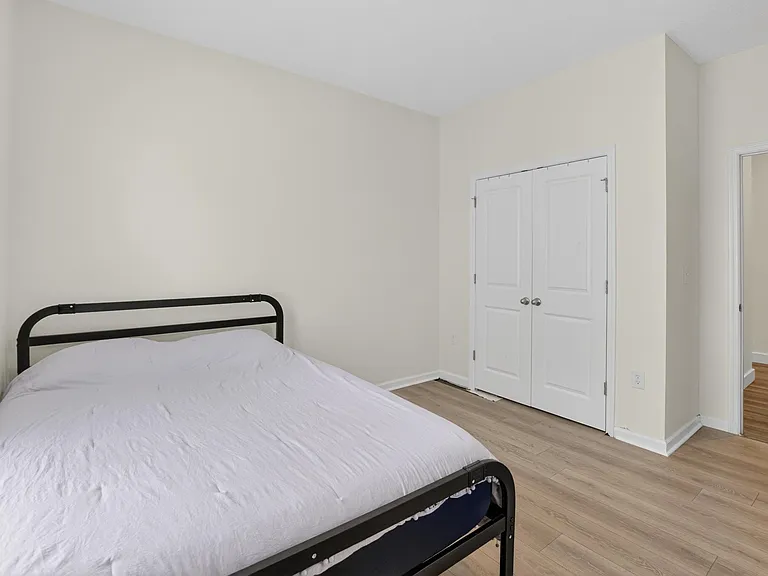 1044 Kelly Fern Loop — Photo 8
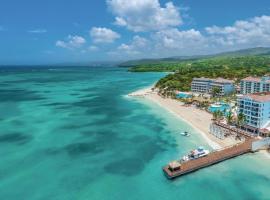 Sandals Dunns River All Inclusive Couples Only，位于欧丘里欧的酒店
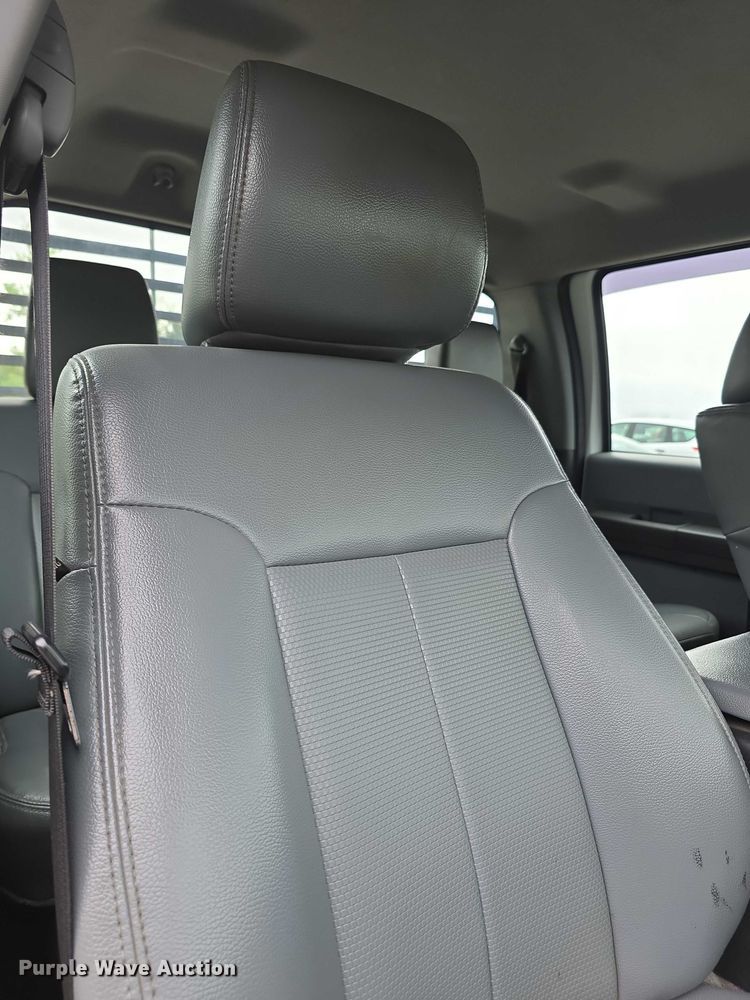 image for item FI0973 2015 Ford F550 Super Duty Crew Cab flatbed truck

----------------

* **Action item**
Please print exactly the lines from the one holding "Sandals Dunns River" through the final line of the data above, including both, and skip all pictures.

* **Task output**
 Sandals Dunns River All Inclusive Couples Only，位于欧丘里欧的酒店
 image for item FI0973 2015 Ford F550 Super Duty Crew Cab flatbed truck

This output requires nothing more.